*** Opening of MATERIAL SUPPLIED ***

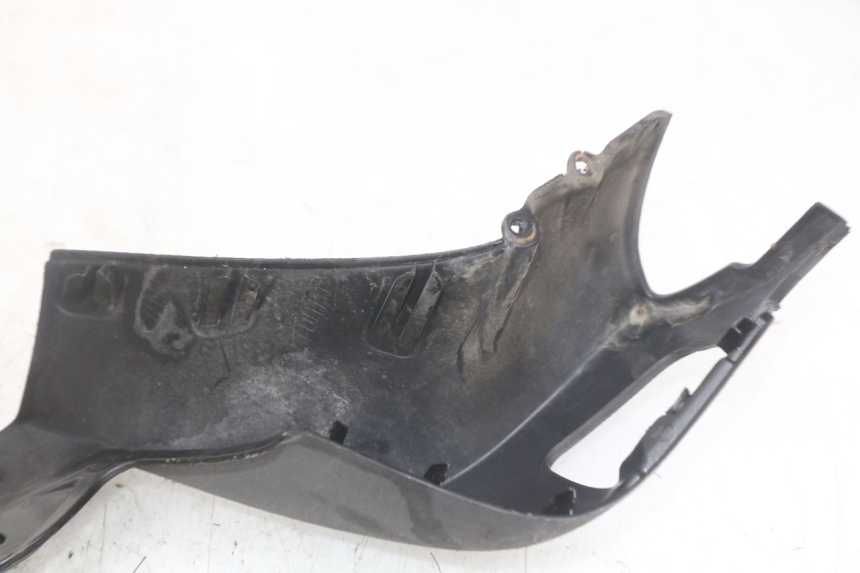 photo de COUVRE GUIDON PIAGGIO MP3 LT 400 (2007 - 2012) - Gros plan technique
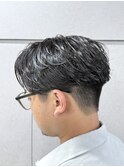 メンズセンターパートニュアンスパーマアップバング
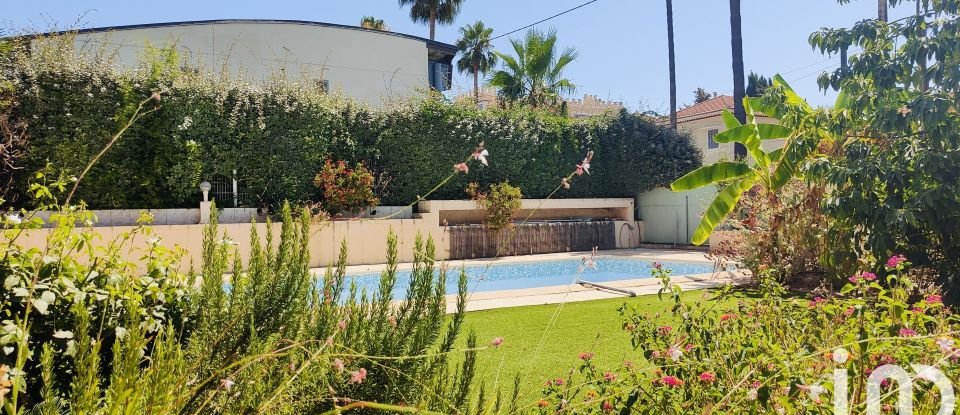 Maison 8 pièces de 250 m² à Hyères (83400)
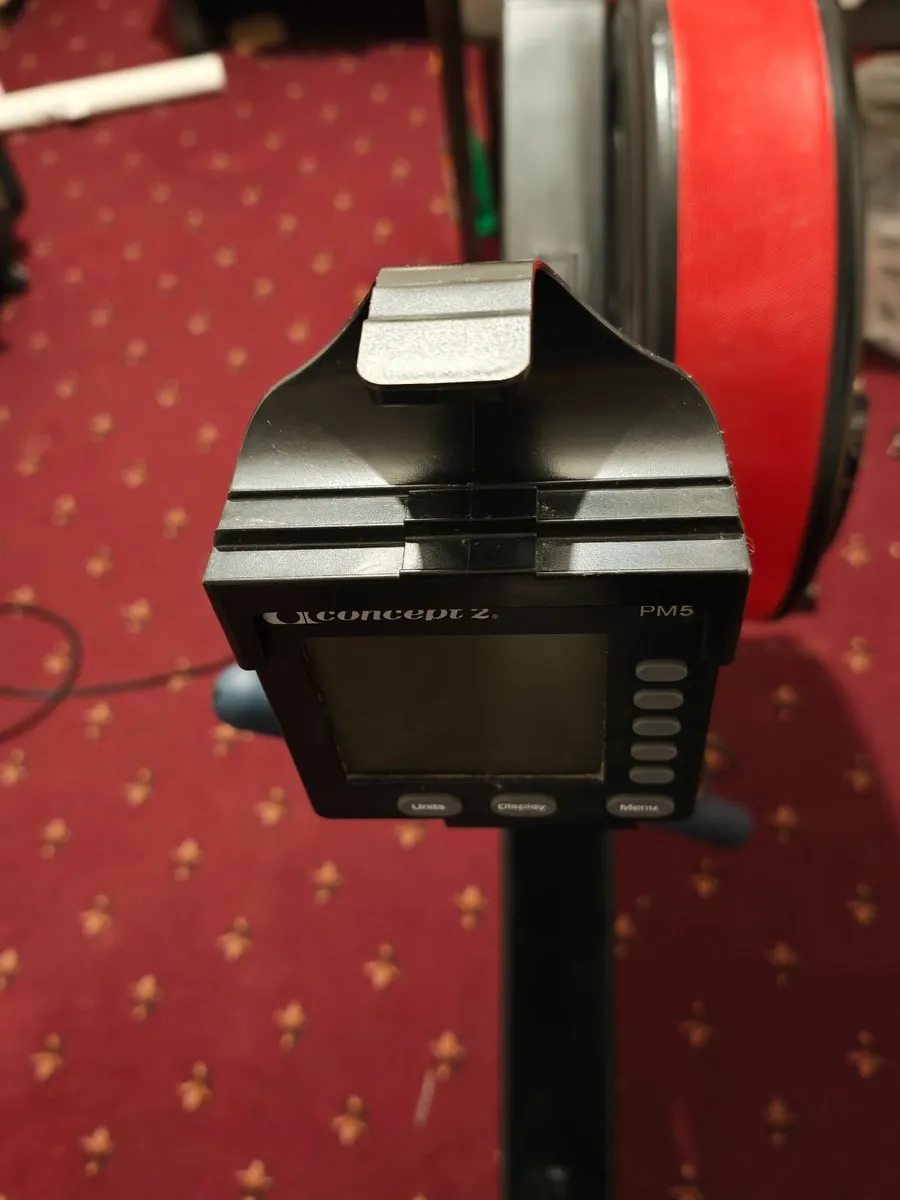 Concept2 Rowing Machine PM5 – Excellent Condition - Image 2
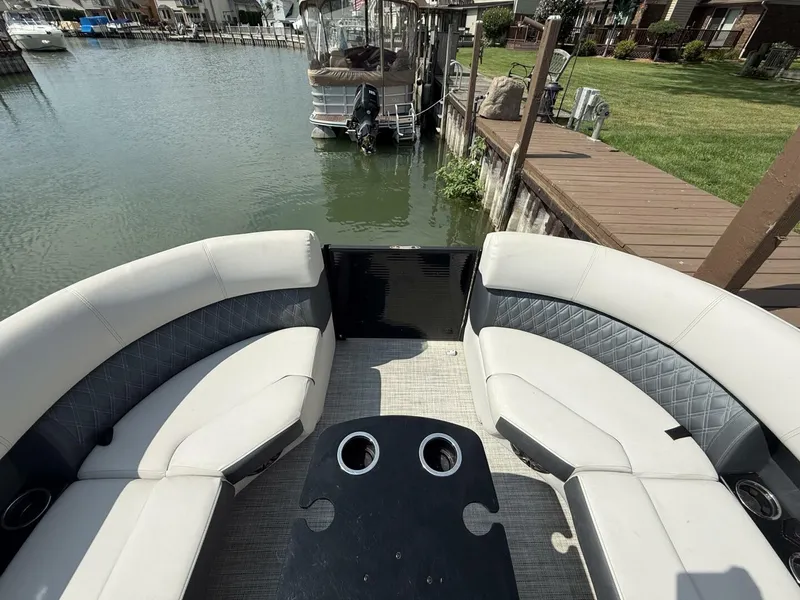 Slide: The Image of Harris Sunliner 230 2022 - 5560429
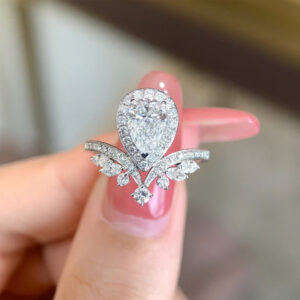 VANTYRE Labgrowndiamond pear Halo Ring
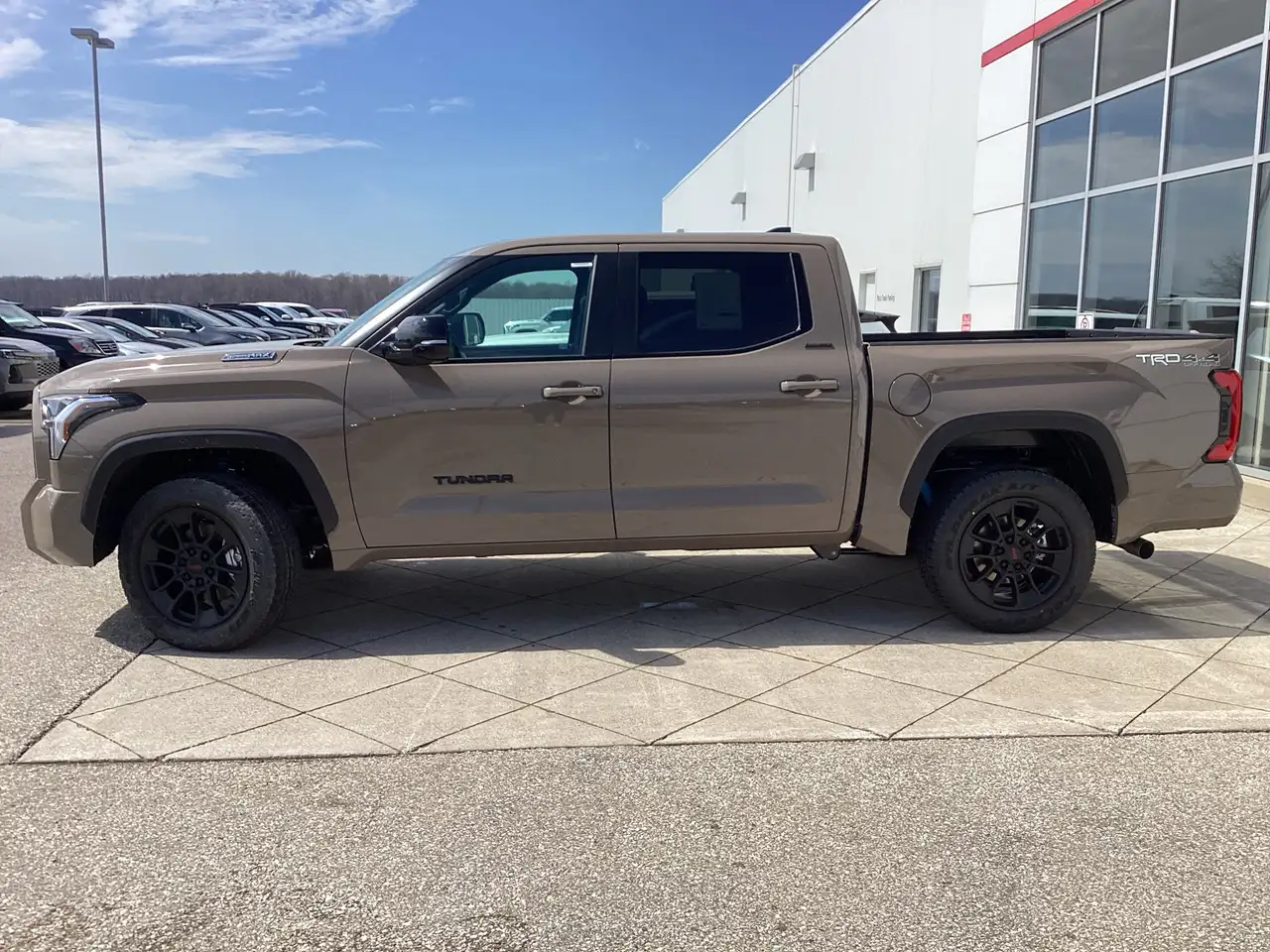 Toyota Tundra снимка Toyota Tundra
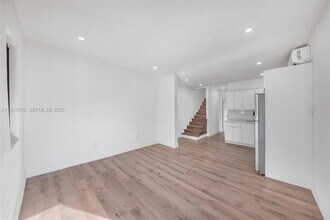 6913 NW 4th Ct in Miami, FL - Building Photo - Building Photo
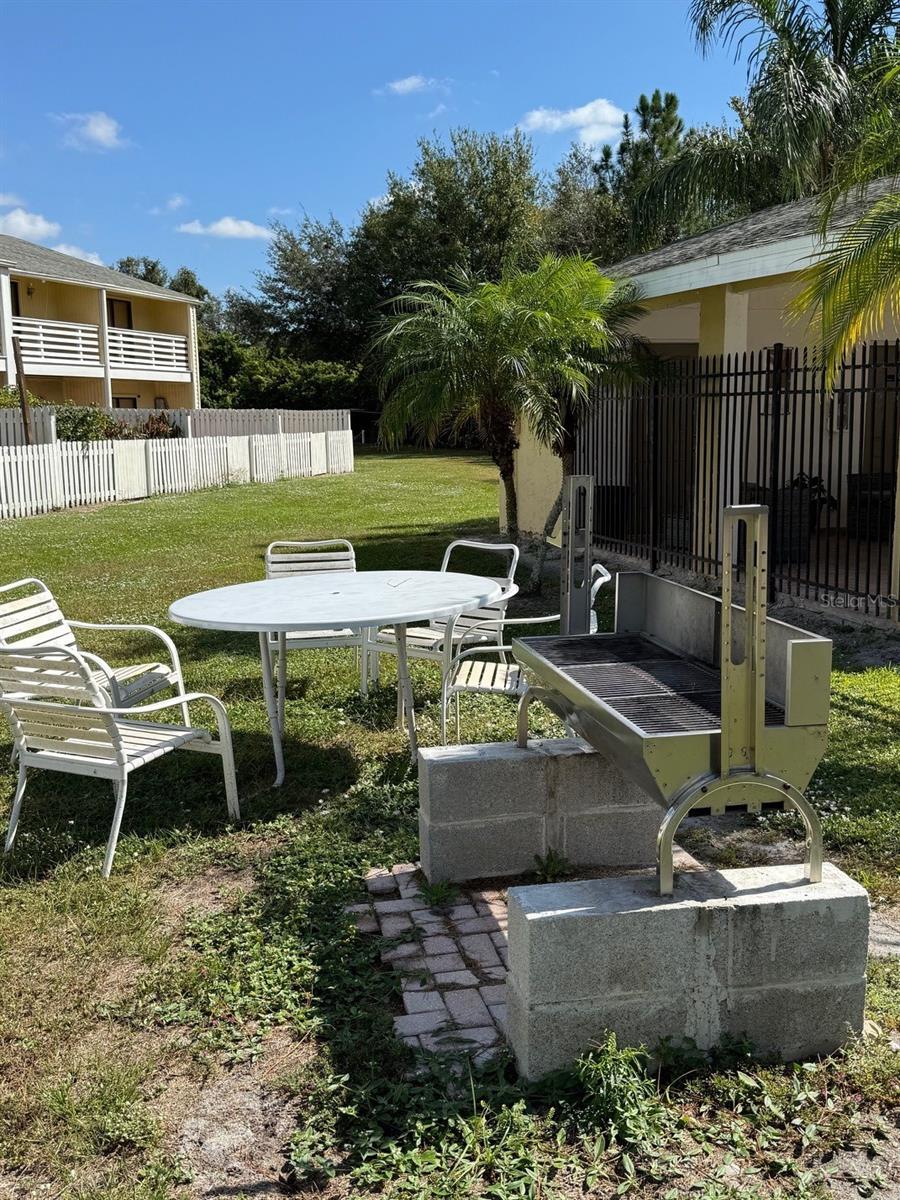 Image 31 of 39 For 22710 Watersedge Boulevard 73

*** Close of MATERIAL SUPPLIED ***

Your task is to retype all the entries exactly and leave out any pictures.

PROBLEM SOLUTION:
 photo de COUVRE GUIDON PIAGGIO MP3 LT 400 (2007 - 2012) - Gros plan technique
 メンズセンターパートニュアンスパーマアップバング
 Maison 8 pièces de 250 m² à Hyères (83400)
 Concept2 Rowing Machine PM5 – Excellent Condition - Image 2
 Slide: The Image of Harris Sunliner 230 2022 - 5560429
 VANTYRE Labgrowndiamond pear Halo Ring
 Toyota Tundra снимка Toyota Tundra
 6913 NW 4th Ct in Miami, FL - Building Photo - Building Photo
 Image 31 of 39 For 22710 Watersedge Boulevard 73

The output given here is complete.